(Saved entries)
◇ ◇ ◇ ◇ ◇ ◇ ◇
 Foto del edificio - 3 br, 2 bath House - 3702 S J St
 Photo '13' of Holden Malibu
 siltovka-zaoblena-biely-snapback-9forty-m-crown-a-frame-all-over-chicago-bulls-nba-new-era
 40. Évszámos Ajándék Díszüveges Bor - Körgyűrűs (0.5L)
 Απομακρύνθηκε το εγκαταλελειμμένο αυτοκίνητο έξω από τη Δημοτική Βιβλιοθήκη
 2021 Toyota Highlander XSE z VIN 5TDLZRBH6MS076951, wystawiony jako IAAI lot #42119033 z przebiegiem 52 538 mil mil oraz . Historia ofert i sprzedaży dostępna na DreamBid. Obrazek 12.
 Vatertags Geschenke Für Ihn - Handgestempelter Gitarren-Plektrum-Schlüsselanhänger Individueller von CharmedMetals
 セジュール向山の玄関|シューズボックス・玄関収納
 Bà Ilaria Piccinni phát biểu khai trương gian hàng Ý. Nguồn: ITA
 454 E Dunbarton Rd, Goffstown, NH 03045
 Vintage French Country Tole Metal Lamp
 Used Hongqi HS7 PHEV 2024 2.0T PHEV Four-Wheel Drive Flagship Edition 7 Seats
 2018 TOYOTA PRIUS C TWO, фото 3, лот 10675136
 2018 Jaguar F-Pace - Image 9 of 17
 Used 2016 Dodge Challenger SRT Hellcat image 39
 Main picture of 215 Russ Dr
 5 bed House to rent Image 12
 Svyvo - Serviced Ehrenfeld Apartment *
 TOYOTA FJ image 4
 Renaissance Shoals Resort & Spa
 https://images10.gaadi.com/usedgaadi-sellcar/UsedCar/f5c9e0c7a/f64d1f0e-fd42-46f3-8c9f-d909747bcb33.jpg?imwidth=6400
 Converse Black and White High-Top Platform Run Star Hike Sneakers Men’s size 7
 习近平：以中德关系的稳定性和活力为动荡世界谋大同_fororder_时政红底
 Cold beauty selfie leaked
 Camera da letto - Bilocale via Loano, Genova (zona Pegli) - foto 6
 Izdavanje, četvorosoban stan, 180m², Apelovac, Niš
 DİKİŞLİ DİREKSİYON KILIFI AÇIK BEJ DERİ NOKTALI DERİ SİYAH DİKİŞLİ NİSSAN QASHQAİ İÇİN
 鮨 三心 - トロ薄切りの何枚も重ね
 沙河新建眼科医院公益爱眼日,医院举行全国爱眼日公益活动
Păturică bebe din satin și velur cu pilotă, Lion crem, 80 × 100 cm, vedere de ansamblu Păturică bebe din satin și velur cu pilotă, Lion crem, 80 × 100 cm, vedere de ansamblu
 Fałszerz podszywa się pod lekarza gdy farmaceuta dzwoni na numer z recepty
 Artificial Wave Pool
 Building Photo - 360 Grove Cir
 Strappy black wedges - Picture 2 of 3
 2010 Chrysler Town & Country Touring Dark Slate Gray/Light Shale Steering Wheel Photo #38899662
◇ ◇ ◇ ◇ ◇ ◇ ◇
» **BRIEF**:
Each line from the one containing "Artificial Wave Pool" to the end of the entries above should be copied exactly, and no other line.

» **ANSWER AREA**:
 Artificial Wave Pool
 Building Photo - 360 Grove Cir
 Strappy black wedges - Picture 2 of 3
 2010 Chrysler Town & Country Touring Dark Slate Gray/Light Shale Steering Wheel Photo #38899662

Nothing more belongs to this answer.